Re: conchuela timeouts since 2021-10-09 system upgrade

Поиск
Список
Период
Сортировка
От Noah Misch
Тема Re: conchuela timeouts since 2021-10-09 system upgrade
Дата
Msg-id 20211026134500.GA128912@rfd.leadboat.com
обсуждение исходный текст
Ответ на Re: conchuela timeouts since 2021-10-09 system upgrade  (Tom Lane <tgl@sss.pgh.pa.us>)
Ответы Re: conchuela timeouts since 2021-10-09 system upgrade  (Tom Lane <tgl@sss.pgh.pa.us>)
Re: conchuela timeouts since 2021-10-09 system upgrade  (Tom Lane <tgl@sss.pgh.pa.us>)
Список pgsql-bugs
On Tue, Oct 26, 2021 at 02:03:54AM -0400, Tom Lane wrote:
> Noah Misch <noah@leadboat.com> writes:
> > On Mon, Oct 25, 2021 at 04:59:42PM -0400, Tom Lane wrote:
> >> What I think we should do in these two tests is nuke the use of
> >> background_pgbench entirely; that looks like a solution in search
> >> of a problem, and it seems unnecessary here.  Why not run
> >> the DROP/CREATE/bt_index_check transaction as one of three script
> >> options in the main pgbench run?
> 
> > The author tried that and got deadlocks:
> > https://postgr.es/m/5E041A70-4946-489C-9B6D-764DF627A92D@yandex-team.ru
> 
> Hmm, I guess that's because two concurrent CICs can deadlock against each
> other.  I wonder if we could fix that ... or maybe we could teach pgbench
> that it mustn't launch more than one instance of that script?

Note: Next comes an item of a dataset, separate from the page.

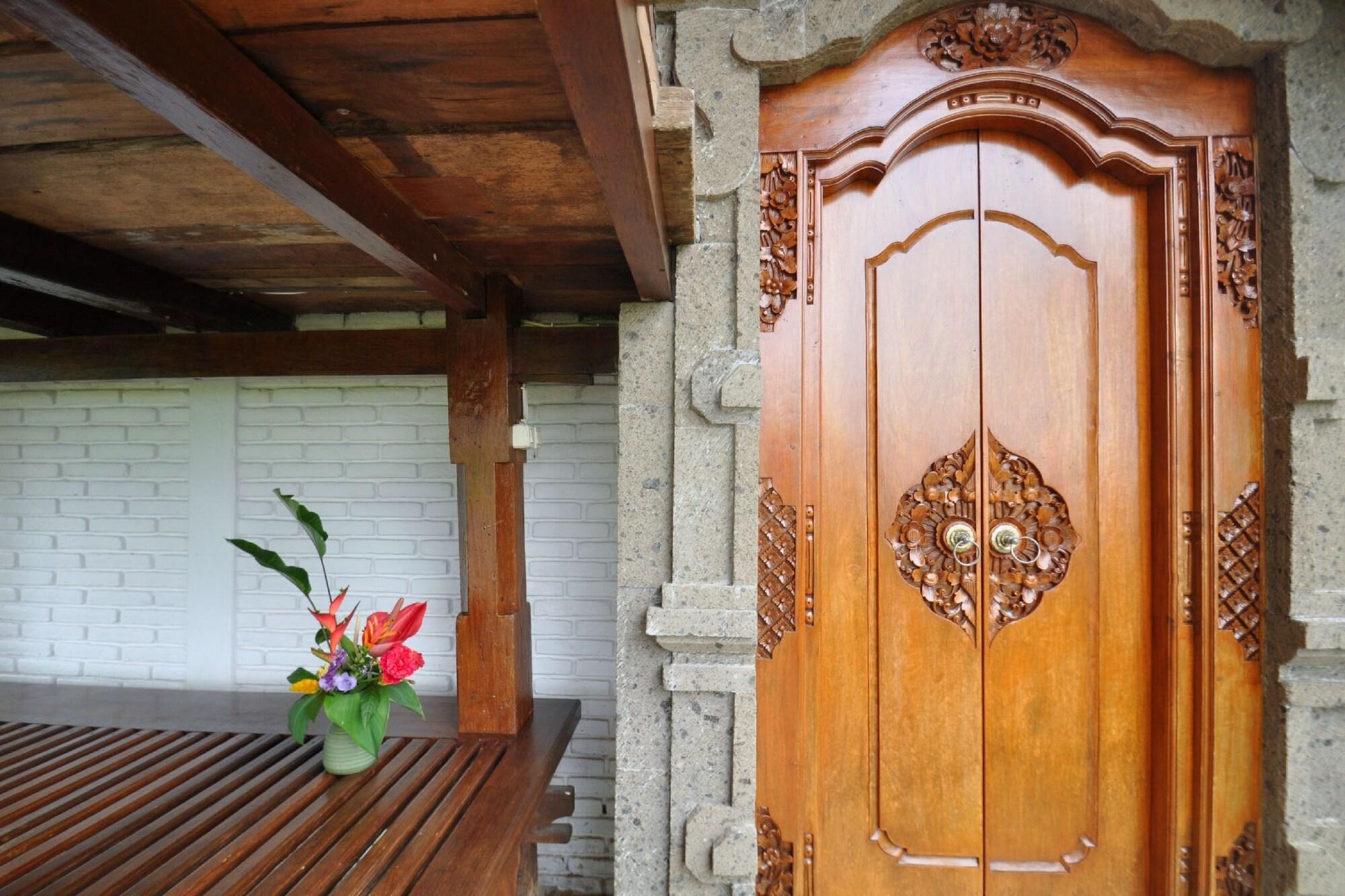 Puri Lumbung Cottages Gobleg  Bagian luar foto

Both sound doable, but I don't expect either to fix prairiedog's trouble.

> Or more
> practically, use advisory locks in that script to enforce that only one
> runs at once.

The author did try that.

> So what we have is that libpq thinks it's sent the next DROP INDEX,
> but the backend hasn't seen it.

Thanks for isolating that.

> It's fairly hard to blame that state of affairs on the IPC::Run harness.
> I'm wondering if we might be looking at some timing-dependent corner-case
> bug in the new libpq pipelining code.  Pipelining isn't enabled:
> 
>   pipelineStatus = PQ_PIPELINE_OFF, 
> 
> but that doesn't mean that the pipelining code hasn't been anywhere
> near this command.  I can see
> 
>   cmd_queue_head = 0x300d40, 
>   cmd_queue_tail = 0x300d40, 
>   cmd_queue_recycle = 0x0, 
> 
> (gdb) p *state->con->cmd_queue_head
> $4 = {
>   queryclass = PGQUERY_SIMPLE, 
>   query = 0x3004e0 "DROP INDEX CONCURRENTLY idx;", 
>   next = 0x0
> }
> 
> The trouble with this theory, of course, is "if libpq is busted, why is
> only this test case showing it?".

Agreed, it's not clear how the new tests would reveal a libpq bug that
src/bin/pgbench/t/001_pgbench_with_server.pl has been unable to reveal.  Does
the problem reproduce on v13?

Grasping at straws, background_pgbench does differ by specifying stdin as a
ref to an empty scalar.  I think that makes IPC::Run open a pipe and never
write to it.  The older pgbench tests don't override stdin, so I think that
makes pgbench inherit the original stdin.  Given your pgbench stack trace,
this seems awfully unlikely to be the relevant difference.  If we run out of
ideas, you could try some runs with that difference removed:

--- a/src/test/perl/PostgreSQL/Test/Cluster.pm
+++ b/src/test/perl/PostgreSQL/Test/Cluster.pm
@@ -2110,7 +2110,7 @@ sub background_pgbench
     # IPC::Run would otherwise append to existing contents:
     $$stdout = "" if ref($stdout);
 
-    my $harness = IPC::Run::start \@cmd, '<', \$stdin, '>', $stdout, '2>&1',
+    my $harness = IPC::Run::start \@cmd, '>', $stdout, '2>&1',
       $timer;
 
     return $harness;

> But AFAICS it would take some pretty
> spooky action-at-a-distance for the Perl harness to have caused this.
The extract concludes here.